(Caption-style text data)
_____
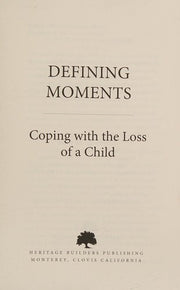 Defining Moments: Coping With the Loss of a Child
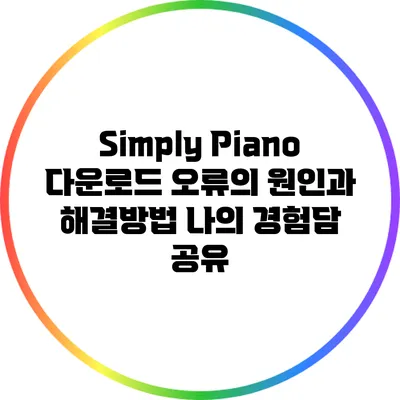 Simply Piano 다운로드 오류의 원인과 해결방법: 나의 경험담 공유
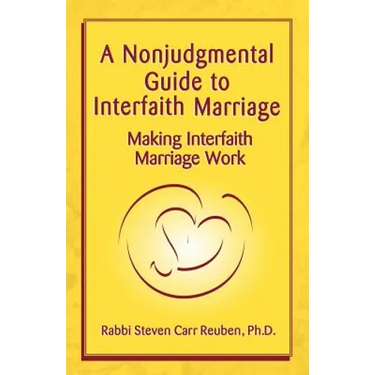 A Nonjudgmental Guide to Interfaith Marriage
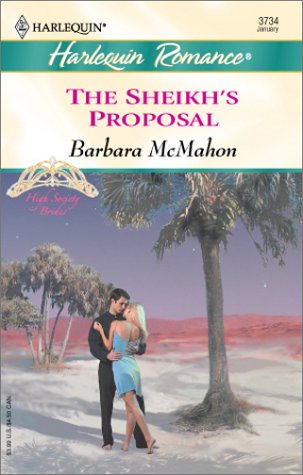 The Sheikh's Proposal (By: Barbara McMahon) cover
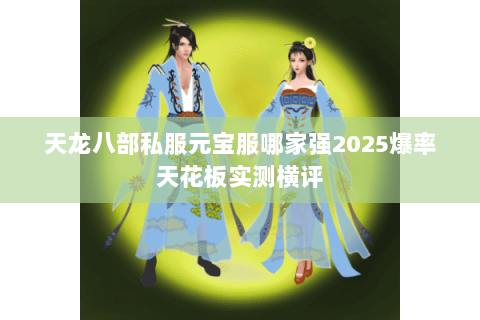 天龙八部私服元宝服哪家强2025爆率天花板实测横评 天龙八部私服元宝服哪家强2025爆率天花板实测横评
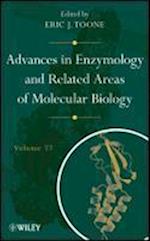 Advances in Enzymology and Related Areas of Molecular Biology, Volume 77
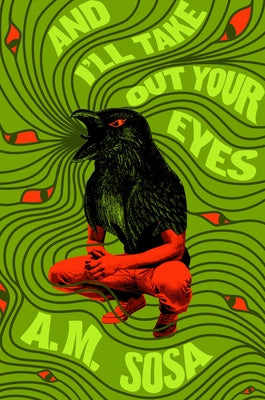 And I'll Take Out Your Eyes by Sosa, A. M.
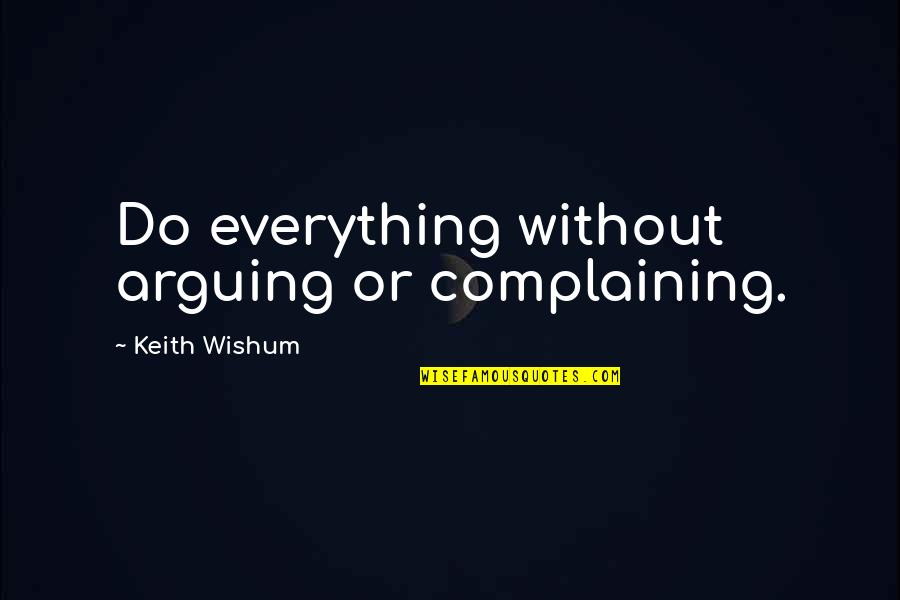 Arguing Quotes By Keith Wishum: Do everything without arguing or complaining.
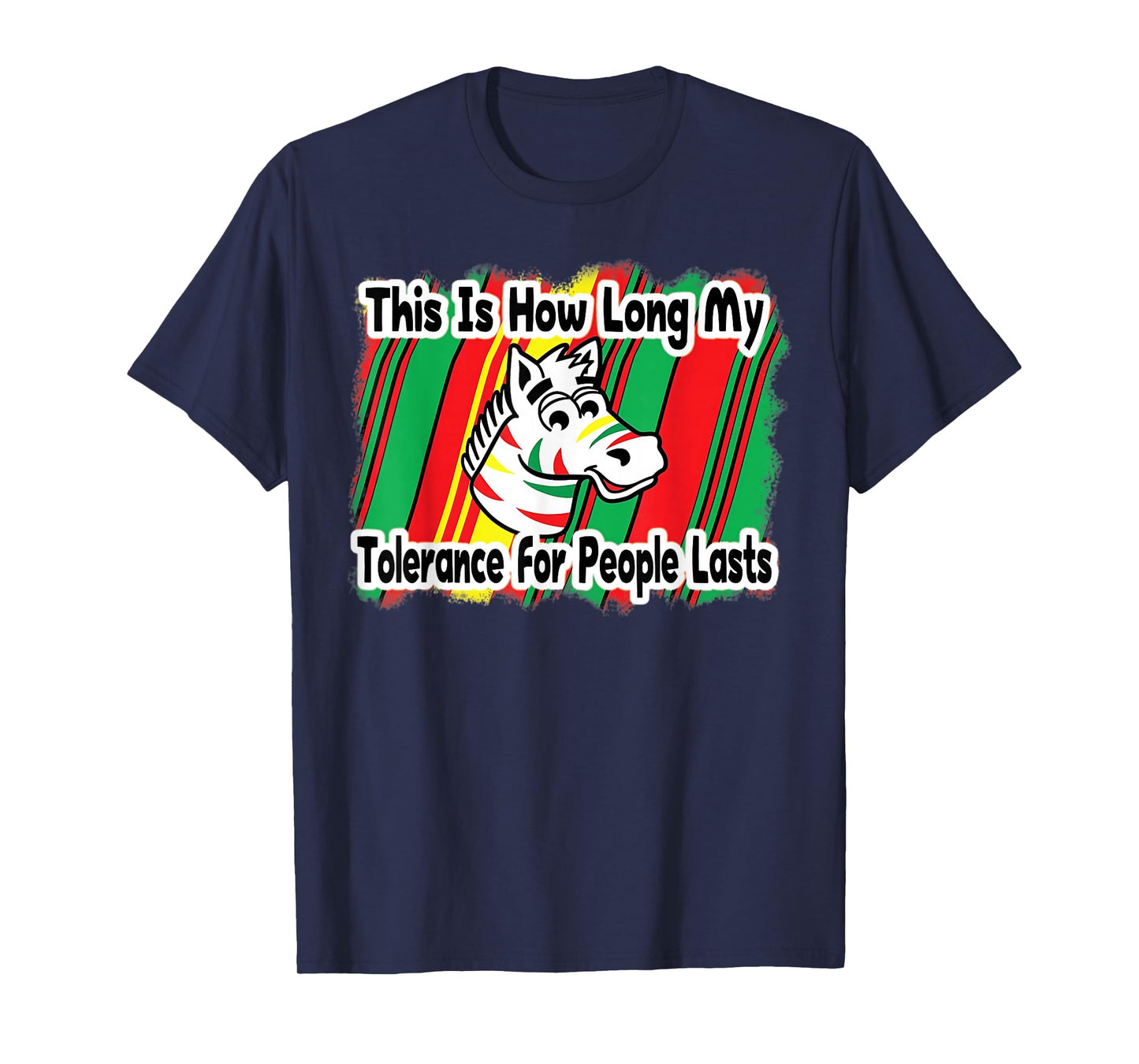 This Is How Long My Tolerance for People Lasts T-Shirt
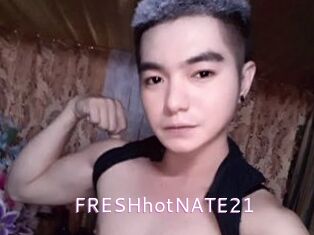 FRESHhotNATE21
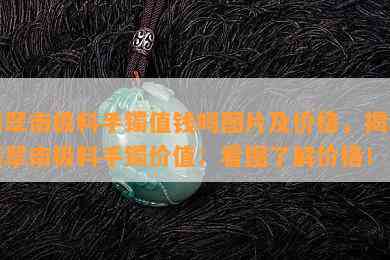 翡翠南极料手镯值钱吗图片及价格，揭秘翡翠南极料手镯价值：看图了解价格！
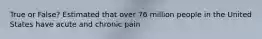 True or False? Estimated that over 76 million people in the United States have acute and chronic pain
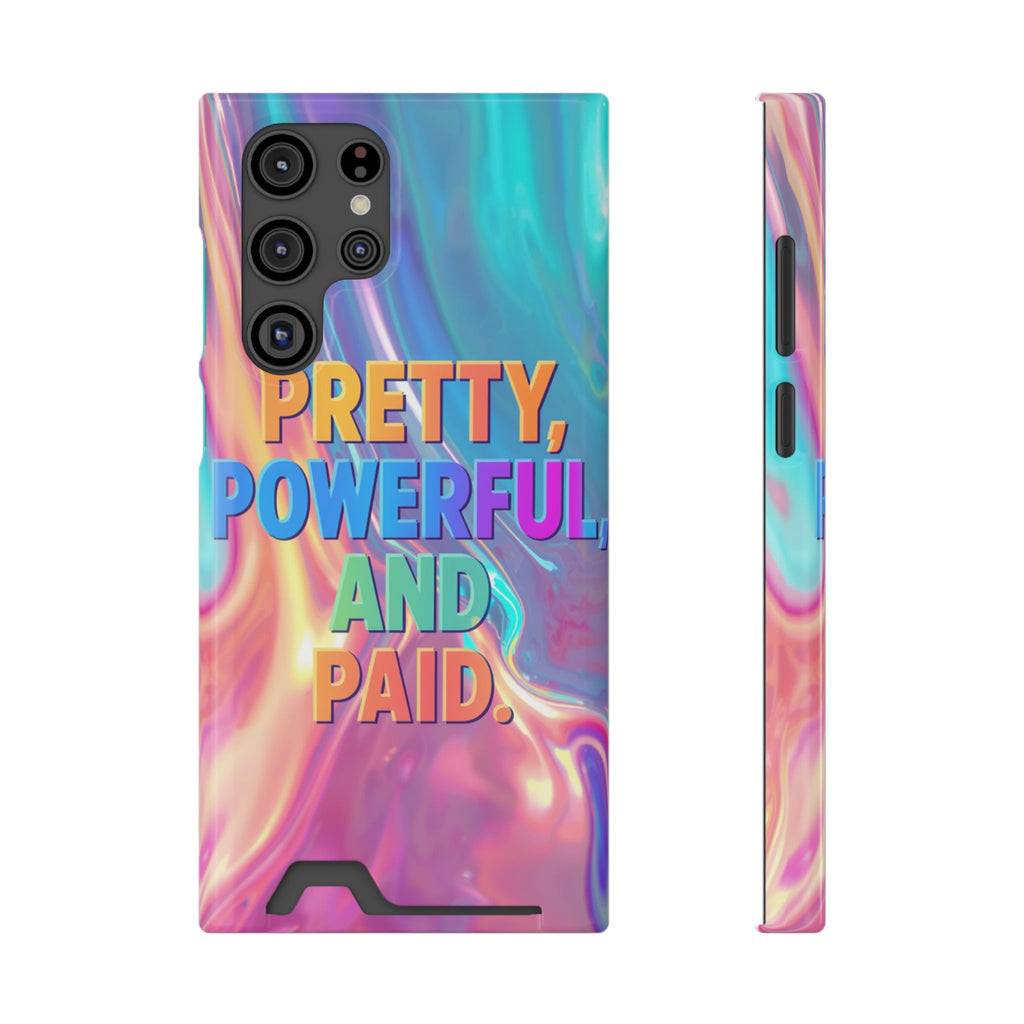 Pretty, Powerful and Paid Phone Card Case — Iridescent Cardholder Phone Case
_____
▶ **What to produce**:
Each line above should be written out again exactly, without any image.

▶ **Exercise solution**:
 Defining Moments: Coping With the Loss of a Child
 Simply Piano 다운로드 오류의 원인과 해결방법: 나의 경험담 공유
 A Nonjudgmental Guide to Interfaith Marriage
 The Sheikh's Proposal (By: Barbara McMahon) cover
 天龙八部私服元宝服哪家强2025爆率天花板实测横评 天龙八部私服元宝服哪家强2025爆率天花板实测横评
 Advances in Enzymology and Related Areas of Molecular Biology, Volume 77
 And I'll Take Out Your Eyes by Sosa, A. M.
 Arguing Quotes By Keith Wishum: Do everything without arguing or complaining.
 This Is How Long My Tolerance for People Lasts T-Shirt
 FRESHhotNATE21
 翡翠南极料手镯值钱吗图片及价格，揭秘翡翠南极料手镯价值：看图了解价格！
 True or False? Estimated that over 76 million people in the United States have acute and chronic pain
 Pretty, Powerful and Paid Phone Card Case — Iridescent Cardholder Phone Case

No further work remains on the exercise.